Tuesday, September 16, 2014
Opelika, Alabama, debuted a public fiber-optic network late last year and residents were extremely receptive. Access to state-of-the-art Internet connections not only served as a benefit to customers but put the town in a better position to attract new businesses within its city limits. The experiment was so successful that several other cities in Alabama are moving to jump on the fiber bandwagon. The growing popularity of city-laid fiber-optic networks may also have far-reaching impacts on Internet service across the country.
Opelika on the cutting edge
The series of events leading to Opelika installing its own high-speed fiber-optic network began as far back as 2008, according to the Opelika-Auburn News. Mayor Gary Fuller was leading a charge to upgrade the city's smart grid infrastructure and the opportunity to provide voice, video and Internet service to citizens over a single cord became very appealing.

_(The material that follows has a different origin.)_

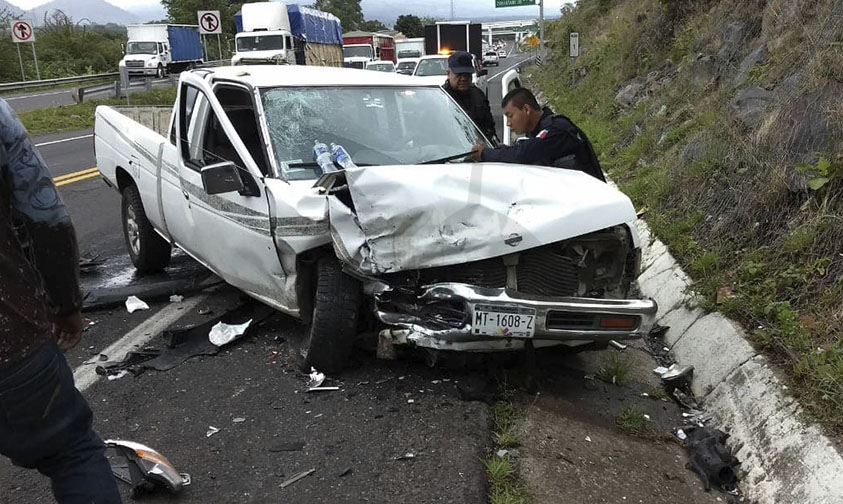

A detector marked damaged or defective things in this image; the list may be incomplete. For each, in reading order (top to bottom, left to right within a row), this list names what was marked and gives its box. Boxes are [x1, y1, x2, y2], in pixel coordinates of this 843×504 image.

Opelika is a small community with less than 30,000 residents and just over 10,000 households. As a result it was unlikely that large telecom providers would be bringing fiber-optic support to the town anytime soon. Considering the increased importance of fiber-optic technology in the past 6 years, Mayor Fuller's instincts were exceptionally accurate. In a market where major telecoms are just piloting "triple play" services offered over a single fiber-optic connection, Opelika residents have enjoyed these services for nearly a year.
Several cities to follow
Tuscaloosa, a community already outfitted with over 40 miles of fiber-optic infrastructure, is likely to become the second city in Alabama to serve as a hub for fiber-optic development. Huntsville was recently a potential pilot city for Google Fiber, and Birmingham is in talks to introduce a fiber network of its own. Regardless, Tuscaloosa's extensive existing fiber infrastructure offers businesses plenty of motivation to set up shop.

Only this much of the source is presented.